(Stored items)
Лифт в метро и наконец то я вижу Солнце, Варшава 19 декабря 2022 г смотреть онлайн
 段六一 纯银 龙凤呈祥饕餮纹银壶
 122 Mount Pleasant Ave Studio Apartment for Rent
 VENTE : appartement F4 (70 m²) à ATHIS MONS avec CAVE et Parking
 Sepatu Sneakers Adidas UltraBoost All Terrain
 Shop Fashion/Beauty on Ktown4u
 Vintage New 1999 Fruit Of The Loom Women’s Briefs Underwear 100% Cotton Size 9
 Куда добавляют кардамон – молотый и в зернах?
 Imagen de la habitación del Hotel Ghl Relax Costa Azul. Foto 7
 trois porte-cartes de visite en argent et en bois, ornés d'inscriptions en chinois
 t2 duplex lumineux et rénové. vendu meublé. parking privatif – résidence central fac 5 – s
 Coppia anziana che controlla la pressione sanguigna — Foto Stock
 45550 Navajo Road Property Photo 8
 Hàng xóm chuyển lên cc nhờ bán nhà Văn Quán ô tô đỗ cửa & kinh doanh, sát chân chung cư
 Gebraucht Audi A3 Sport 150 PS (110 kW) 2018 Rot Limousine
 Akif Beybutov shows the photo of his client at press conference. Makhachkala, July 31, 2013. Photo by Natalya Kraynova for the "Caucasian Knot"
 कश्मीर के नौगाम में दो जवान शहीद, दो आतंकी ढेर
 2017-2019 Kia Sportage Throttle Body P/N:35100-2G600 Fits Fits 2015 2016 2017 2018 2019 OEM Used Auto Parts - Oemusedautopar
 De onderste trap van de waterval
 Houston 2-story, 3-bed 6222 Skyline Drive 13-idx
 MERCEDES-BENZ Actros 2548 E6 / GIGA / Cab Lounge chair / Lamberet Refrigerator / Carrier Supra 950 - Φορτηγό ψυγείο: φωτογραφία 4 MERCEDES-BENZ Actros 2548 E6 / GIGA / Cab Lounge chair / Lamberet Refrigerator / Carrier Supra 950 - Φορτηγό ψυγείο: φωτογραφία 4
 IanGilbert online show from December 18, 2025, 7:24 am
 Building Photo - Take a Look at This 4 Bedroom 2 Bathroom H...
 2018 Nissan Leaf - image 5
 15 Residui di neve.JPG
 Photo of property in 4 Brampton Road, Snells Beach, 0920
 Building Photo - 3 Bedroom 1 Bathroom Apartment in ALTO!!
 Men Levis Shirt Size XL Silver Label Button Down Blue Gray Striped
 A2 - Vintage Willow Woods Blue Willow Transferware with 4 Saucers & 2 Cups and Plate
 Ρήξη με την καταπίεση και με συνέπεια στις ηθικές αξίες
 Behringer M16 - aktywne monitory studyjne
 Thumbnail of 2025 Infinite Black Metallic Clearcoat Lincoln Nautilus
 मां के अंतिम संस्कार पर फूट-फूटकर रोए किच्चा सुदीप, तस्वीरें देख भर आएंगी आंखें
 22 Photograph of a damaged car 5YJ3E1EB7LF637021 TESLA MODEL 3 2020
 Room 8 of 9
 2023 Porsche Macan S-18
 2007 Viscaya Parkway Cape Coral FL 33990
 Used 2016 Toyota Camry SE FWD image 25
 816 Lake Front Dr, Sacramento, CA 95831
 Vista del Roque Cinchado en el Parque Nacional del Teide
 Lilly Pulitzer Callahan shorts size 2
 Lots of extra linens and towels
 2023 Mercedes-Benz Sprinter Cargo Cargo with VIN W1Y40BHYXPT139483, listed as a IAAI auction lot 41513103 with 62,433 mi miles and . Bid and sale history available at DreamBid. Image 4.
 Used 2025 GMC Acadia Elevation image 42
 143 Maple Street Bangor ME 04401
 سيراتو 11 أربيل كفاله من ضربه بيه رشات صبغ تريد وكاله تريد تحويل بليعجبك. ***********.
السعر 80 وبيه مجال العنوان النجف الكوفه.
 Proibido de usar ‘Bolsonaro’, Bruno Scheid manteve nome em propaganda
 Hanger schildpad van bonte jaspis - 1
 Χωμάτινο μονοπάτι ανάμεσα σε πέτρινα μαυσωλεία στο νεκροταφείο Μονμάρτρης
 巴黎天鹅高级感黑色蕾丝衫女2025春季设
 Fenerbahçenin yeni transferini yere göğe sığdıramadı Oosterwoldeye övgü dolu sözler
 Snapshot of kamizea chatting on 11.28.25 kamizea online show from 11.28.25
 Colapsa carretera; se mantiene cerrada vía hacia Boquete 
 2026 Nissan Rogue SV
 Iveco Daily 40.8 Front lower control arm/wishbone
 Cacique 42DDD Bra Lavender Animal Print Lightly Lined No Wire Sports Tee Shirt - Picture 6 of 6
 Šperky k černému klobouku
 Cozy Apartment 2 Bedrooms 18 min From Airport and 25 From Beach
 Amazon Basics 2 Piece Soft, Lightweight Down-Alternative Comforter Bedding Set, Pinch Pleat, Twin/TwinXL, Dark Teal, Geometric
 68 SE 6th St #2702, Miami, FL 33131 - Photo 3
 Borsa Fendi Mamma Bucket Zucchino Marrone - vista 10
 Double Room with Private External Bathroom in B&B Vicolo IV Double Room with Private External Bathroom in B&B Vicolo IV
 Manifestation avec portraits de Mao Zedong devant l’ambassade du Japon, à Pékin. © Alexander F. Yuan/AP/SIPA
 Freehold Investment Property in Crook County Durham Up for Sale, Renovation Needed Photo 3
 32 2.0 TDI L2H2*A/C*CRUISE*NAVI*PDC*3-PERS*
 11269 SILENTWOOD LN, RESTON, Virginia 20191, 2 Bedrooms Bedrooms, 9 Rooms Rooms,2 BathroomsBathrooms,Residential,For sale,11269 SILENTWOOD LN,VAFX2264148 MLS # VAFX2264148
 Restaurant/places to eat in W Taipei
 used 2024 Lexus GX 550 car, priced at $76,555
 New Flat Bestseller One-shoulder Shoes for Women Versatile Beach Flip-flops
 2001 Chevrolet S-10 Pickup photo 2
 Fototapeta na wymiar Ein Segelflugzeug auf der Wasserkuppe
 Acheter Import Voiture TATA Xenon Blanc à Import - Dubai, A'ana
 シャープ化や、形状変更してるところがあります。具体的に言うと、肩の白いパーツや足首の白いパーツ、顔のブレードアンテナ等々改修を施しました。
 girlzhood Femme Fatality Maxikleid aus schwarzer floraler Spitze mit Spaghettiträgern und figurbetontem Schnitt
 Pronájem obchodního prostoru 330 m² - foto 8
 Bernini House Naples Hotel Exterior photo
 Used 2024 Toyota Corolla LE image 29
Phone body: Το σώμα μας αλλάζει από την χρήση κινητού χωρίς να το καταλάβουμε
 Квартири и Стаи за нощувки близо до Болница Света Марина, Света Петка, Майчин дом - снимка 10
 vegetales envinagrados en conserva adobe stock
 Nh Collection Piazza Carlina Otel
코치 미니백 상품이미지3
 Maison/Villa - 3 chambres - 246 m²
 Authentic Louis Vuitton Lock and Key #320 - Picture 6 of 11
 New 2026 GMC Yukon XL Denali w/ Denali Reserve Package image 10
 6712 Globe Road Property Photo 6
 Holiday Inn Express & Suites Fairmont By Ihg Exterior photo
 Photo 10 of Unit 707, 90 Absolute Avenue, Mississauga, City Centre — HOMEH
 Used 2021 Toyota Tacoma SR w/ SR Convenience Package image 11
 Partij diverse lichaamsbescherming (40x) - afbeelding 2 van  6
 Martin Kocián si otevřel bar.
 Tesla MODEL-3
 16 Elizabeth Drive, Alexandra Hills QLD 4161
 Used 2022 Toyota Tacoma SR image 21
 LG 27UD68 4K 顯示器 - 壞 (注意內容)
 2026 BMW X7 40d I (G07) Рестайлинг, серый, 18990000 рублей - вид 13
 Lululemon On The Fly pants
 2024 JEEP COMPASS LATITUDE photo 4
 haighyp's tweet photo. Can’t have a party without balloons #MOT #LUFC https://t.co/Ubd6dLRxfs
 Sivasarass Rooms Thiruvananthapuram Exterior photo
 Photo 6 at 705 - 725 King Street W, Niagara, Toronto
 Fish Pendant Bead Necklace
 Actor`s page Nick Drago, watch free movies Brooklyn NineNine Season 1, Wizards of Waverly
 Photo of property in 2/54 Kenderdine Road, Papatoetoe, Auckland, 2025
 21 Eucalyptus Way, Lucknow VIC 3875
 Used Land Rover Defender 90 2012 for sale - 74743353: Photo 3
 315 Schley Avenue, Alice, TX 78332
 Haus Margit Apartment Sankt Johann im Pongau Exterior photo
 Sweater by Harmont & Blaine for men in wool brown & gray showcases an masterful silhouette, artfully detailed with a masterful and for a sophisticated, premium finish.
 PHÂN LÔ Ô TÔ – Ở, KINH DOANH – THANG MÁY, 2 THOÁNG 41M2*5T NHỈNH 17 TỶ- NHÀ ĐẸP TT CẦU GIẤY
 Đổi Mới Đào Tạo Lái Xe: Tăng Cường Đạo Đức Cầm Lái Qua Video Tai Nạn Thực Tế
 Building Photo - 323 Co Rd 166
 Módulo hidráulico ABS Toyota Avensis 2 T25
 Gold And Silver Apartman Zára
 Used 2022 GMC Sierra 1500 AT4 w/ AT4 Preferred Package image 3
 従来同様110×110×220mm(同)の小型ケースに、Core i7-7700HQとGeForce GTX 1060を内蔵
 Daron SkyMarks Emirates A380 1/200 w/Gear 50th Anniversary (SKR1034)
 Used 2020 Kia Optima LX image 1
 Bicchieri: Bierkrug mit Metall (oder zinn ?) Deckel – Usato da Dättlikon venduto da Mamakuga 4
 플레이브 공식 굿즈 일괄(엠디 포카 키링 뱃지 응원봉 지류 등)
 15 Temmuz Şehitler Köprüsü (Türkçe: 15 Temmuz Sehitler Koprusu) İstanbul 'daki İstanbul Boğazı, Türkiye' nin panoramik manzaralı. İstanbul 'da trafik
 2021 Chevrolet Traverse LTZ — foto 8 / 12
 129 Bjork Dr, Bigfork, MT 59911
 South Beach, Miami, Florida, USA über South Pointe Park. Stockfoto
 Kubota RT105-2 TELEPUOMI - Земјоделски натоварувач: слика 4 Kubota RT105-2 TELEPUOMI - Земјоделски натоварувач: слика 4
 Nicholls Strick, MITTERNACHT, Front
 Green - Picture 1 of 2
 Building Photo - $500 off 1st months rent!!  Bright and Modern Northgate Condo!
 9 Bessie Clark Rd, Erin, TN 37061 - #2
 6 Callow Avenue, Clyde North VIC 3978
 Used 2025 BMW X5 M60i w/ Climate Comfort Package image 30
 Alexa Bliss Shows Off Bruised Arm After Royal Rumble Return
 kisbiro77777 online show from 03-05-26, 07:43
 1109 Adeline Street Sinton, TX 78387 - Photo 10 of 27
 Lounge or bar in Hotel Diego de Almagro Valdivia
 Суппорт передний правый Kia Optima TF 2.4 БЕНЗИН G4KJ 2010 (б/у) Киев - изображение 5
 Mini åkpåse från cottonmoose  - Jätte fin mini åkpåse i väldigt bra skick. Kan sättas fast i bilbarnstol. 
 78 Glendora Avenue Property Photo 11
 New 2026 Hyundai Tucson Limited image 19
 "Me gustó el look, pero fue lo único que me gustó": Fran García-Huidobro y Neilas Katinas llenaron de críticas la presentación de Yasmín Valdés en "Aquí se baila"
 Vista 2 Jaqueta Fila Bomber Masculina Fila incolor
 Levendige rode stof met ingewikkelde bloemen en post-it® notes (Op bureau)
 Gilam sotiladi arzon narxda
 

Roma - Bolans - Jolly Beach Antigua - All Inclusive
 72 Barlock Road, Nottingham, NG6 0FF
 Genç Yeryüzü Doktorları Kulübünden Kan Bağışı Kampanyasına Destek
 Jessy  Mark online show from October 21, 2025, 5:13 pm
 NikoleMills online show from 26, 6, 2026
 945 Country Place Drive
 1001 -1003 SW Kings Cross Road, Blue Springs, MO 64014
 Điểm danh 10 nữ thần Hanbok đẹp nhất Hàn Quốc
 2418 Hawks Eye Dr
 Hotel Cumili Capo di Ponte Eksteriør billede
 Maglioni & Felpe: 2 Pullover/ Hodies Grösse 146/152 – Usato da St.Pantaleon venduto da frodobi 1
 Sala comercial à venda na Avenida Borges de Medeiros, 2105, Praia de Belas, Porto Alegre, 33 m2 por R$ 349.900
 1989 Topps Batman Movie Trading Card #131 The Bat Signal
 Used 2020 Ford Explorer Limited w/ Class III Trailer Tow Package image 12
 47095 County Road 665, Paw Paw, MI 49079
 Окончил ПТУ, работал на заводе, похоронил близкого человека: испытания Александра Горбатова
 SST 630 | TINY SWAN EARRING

[What to work on]: Number of lines containing "Nissan" in the data: state it and nothing more.

[Problem solution]: 2